* _ACTIVITY_: In the records below, the line with "a house with" and every line after it must be written out exactly; no pictures belong in the result.

(Captioned web images)
————

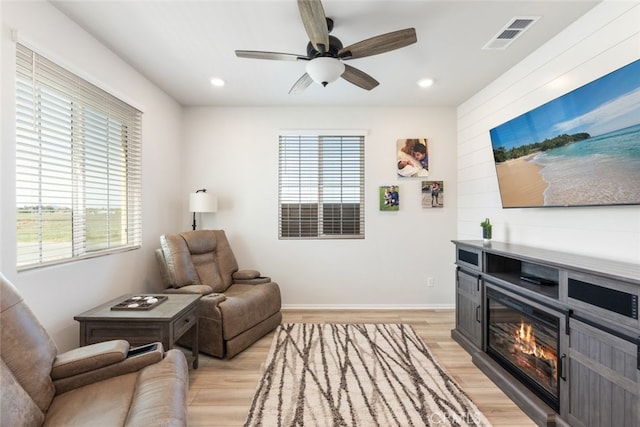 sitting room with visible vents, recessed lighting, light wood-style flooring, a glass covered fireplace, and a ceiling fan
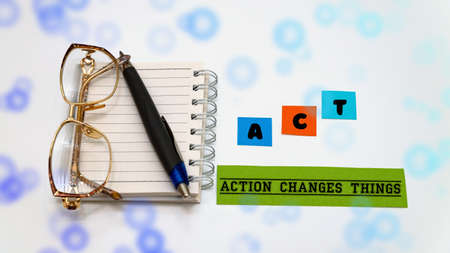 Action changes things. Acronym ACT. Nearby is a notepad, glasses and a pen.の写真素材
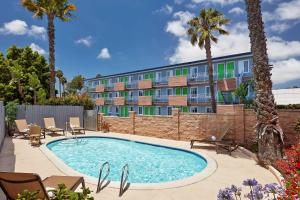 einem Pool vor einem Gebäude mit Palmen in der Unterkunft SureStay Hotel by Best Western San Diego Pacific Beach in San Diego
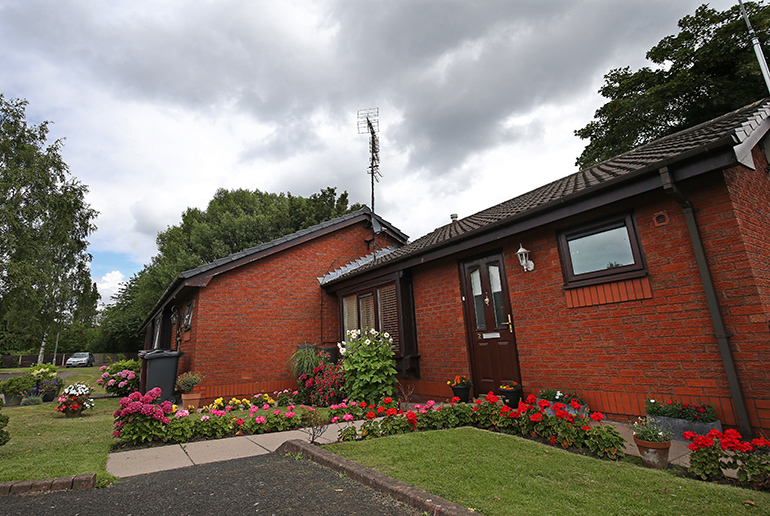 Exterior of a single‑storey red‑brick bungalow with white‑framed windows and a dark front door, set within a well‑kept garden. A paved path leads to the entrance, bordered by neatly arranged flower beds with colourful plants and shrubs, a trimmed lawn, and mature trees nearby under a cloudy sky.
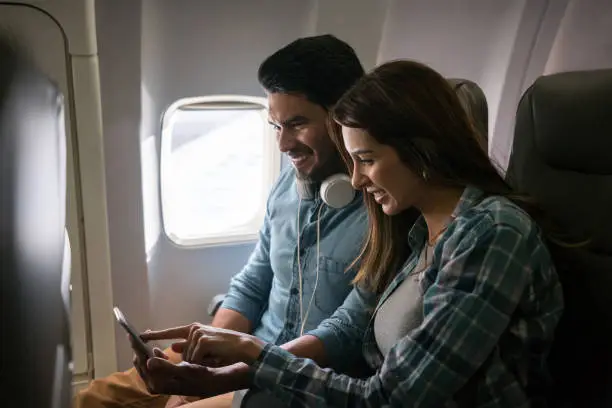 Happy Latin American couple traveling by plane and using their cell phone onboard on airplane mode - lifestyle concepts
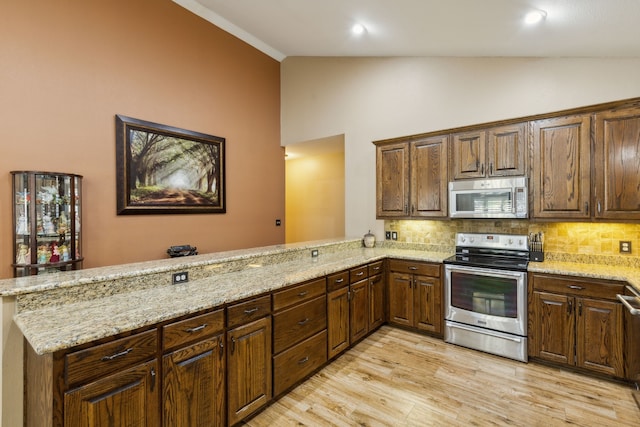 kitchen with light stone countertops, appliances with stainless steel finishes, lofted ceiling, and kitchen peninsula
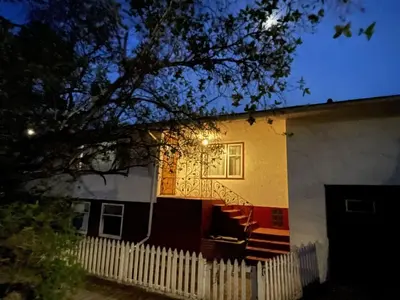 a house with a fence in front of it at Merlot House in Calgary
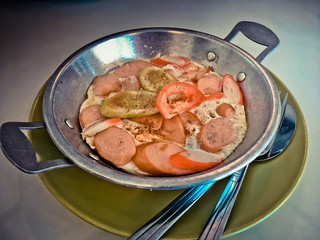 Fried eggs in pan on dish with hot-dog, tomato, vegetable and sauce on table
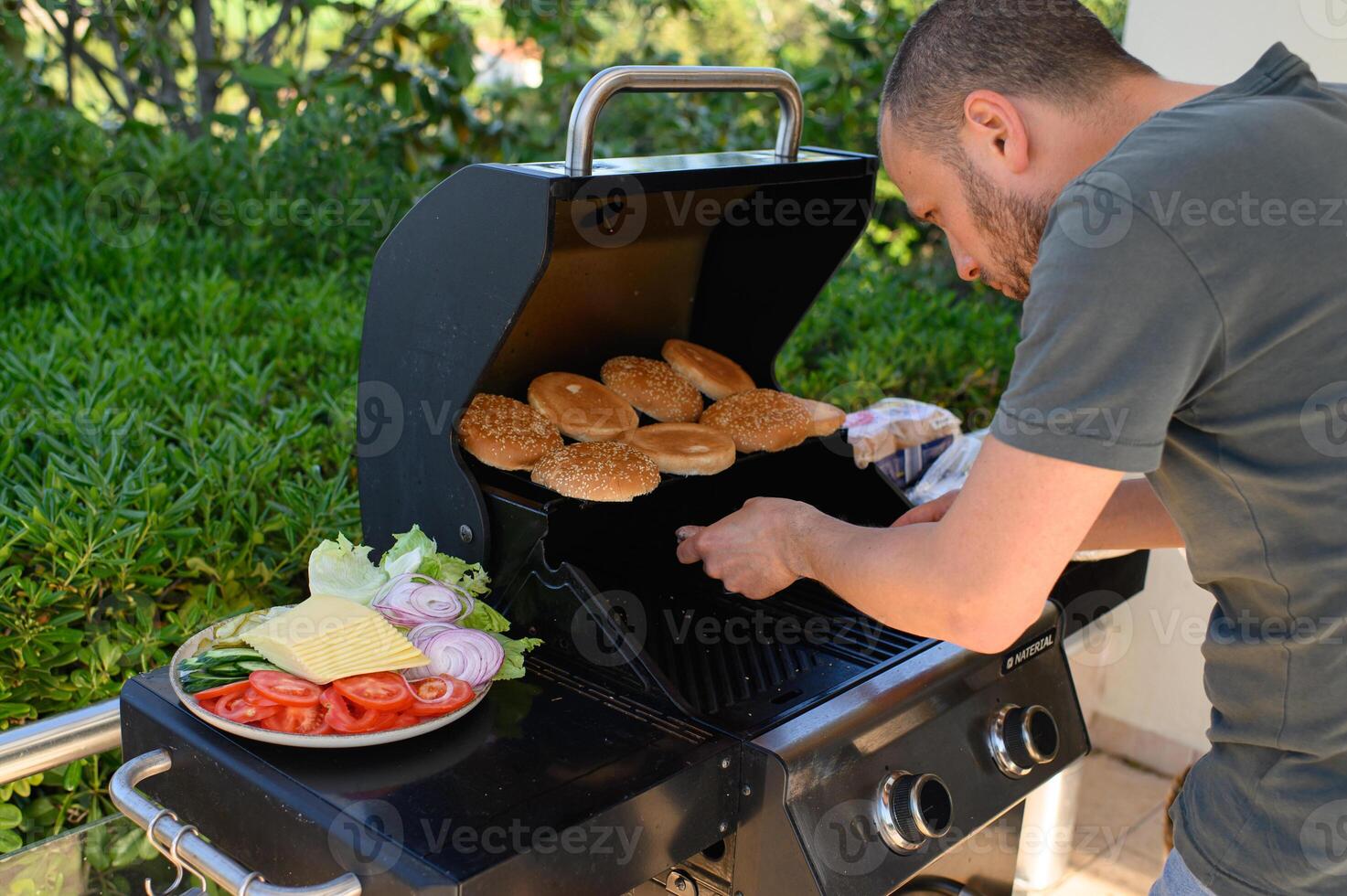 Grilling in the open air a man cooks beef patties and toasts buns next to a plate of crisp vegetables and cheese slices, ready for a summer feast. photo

————

* _YOUR SOLUTION_:
 a house with a fence in front of it at Merlot House in Calgary
 Fried eggs in pan on dish with hot-dog, tomato, vegetable and sauce on table
 Grilling in the open air a man cooks beef patties and toasts buns next to a plate of crisp vegetables and cheese slices, ready for a summer feast. photo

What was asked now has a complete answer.